* _What you are asked to do_
Print the lines that run from the line with "COLONY 2139（コロ" to the line with "Property at 2562", keeping both end lines, exactly as they appear in the entries below, and nothing else.

* _Supplied information_
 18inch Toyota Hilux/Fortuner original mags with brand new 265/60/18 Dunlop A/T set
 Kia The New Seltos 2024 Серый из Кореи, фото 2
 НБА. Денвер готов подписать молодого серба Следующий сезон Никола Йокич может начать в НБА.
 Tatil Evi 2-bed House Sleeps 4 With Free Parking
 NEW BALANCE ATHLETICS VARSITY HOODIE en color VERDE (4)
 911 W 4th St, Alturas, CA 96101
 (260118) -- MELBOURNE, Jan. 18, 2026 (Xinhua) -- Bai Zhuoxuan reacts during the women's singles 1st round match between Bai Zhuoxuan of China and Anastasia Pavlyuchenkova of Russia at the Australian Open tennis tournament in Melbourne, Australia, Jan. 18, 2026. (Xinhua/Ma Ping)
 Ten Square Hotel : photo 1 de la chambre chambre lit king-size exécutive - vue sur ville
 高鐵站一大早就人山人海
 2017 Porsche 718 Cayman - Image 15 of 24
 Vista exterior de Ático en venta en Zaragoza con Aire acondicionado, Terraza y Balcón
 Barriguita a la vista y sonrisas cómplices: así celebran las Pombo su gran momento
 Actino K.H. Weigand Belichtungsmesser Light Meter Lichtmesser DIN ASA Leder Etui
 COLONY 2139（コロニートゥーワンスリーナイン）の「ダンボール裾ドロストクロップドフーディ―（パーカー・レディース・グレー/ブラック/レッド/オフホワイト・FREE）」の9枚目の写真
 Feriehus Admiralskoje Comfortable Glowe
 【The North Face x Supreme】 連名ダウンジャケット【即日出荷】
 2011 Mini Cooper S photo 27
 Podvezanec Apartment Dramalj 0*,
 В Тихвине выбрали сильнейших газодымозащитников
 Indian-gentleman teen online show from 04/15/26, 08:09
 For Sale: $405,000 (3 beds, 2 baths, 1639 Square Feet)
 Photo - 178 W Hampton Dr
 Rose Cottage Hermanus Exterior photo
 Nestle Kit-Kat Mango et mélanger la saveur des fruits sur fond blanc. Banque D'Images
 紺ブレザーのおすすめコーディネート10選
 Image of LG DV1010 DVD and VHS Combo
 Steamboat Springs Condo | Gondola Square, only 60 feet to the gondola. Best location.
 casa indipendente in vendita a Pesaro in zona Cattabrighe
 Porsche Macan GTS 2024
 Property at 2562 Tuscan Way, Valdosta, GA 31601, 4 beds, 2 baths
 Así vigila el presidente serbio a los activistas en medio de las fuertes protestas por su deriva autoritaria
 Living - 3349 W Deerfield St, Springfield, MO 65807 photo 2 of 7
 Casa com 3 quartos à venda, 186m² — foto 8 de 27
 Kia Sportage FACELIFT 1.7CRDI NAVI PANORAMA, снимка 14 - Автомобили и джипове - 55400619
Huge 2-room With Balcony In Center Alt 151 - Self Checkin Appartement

* _Solution to the problem_
 COLONY 2139（コロニートゥーワンスリーナイン）の「ダンボール裾ドロストクロップドフーディ―（パーカー・レディース・グレー/ブラック/レッド/オフホワイト・FREE）」の9枚目の写真
 Feriehus Admiralskoje Comfortable Glowe
 【The North Face x Supreme】 連名ダウンジャケット【即日出荷】
 2011 Mini Cooper S photo 27
 Podvezanec Apartment Dramalj 0*,
 В Тихвине выбрали сильнейших газодымозащитников
 Indian-gentleman teen online show from 04/15/26, 08:09
 For Sale: $405,000 (3 beds, 2 baths, 1639 Square Feet)
 Photo - 178 W Hampton Dr
 Rose Cottage Hermanus Exterior photo
 Nestle Kit-Kat Mango et mélanger la saveur des fruits sur fond blanc. Banque D'Images
 紺ブレザーのおすすめコーディネート10選
 Image of LG DV1010 DVD and VHS Combo
 Steamboat Springs Condo | Gondola Square, only 60 feet to the gondola. Best location.
 casa indipendente in vendita a Pesaro in zona Cattabrighe
 Porsche Macan GTS 2024
 Property at 2562 Tuscan Way, Valdosta, GA 31601, 4 beds, 2 baths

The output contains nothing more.